● **What this task involves**:
The output should be the listing below, limited to the lines from the one with "Executive Black Leather Business Card Case" through the one with "Billboard Advertisement - Brookfield Zoo", exact and without pictures.

● **Data for review**:
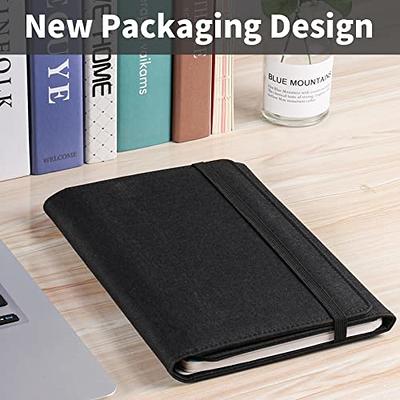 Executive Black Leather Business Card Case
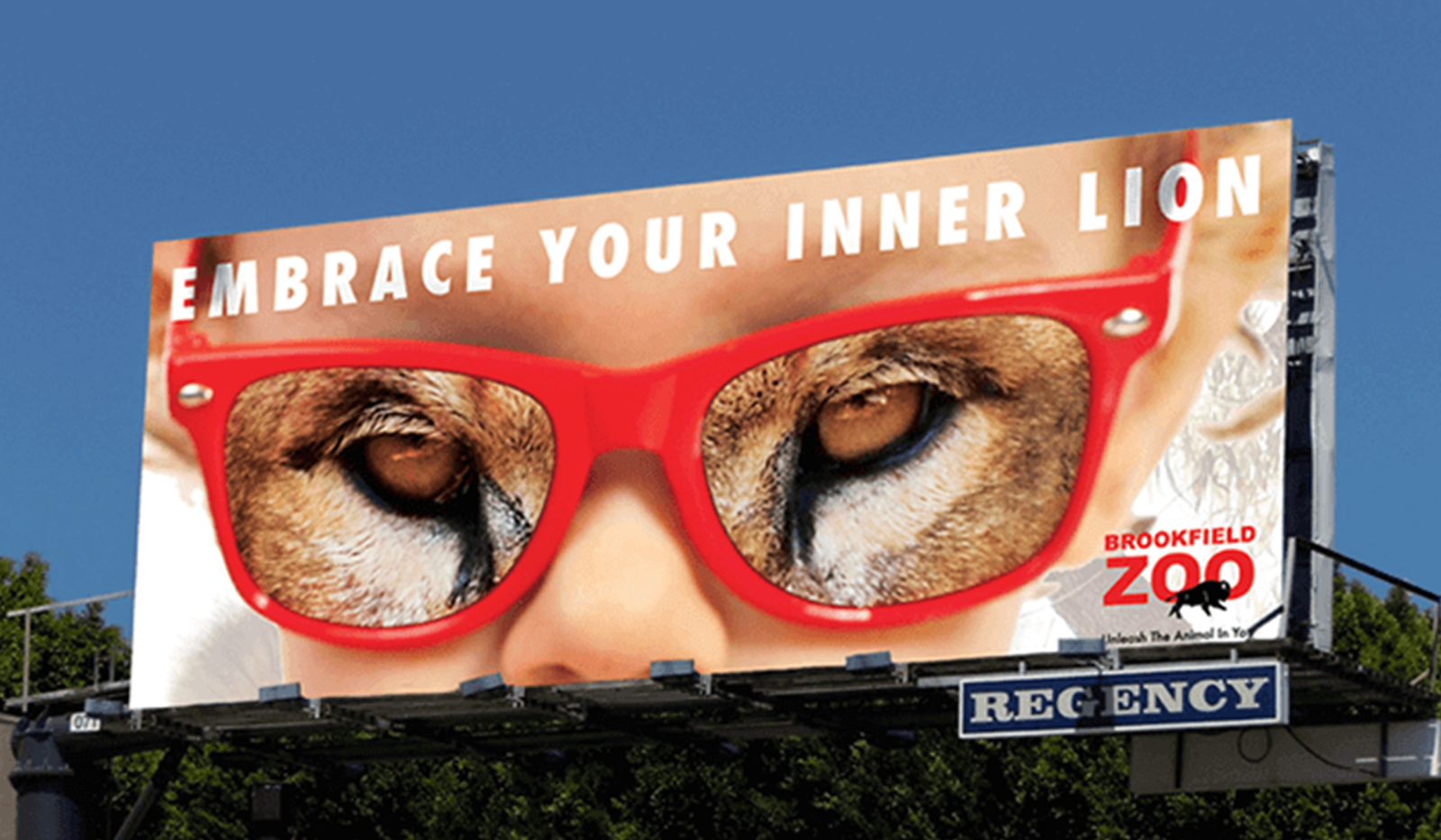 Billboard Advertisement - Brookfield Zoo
==
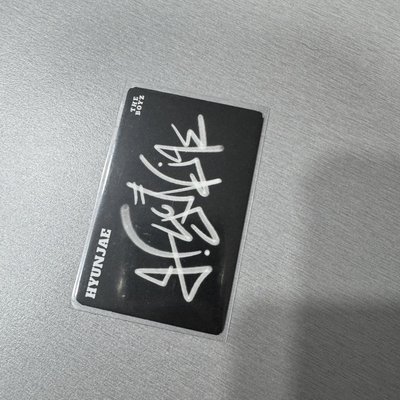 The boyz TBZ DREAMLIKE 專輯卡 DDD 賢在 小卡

● **Solution to this exercise**:
 Executive Black Leather Business Card Case
 Billboard Advertisement - Brookfield Zoo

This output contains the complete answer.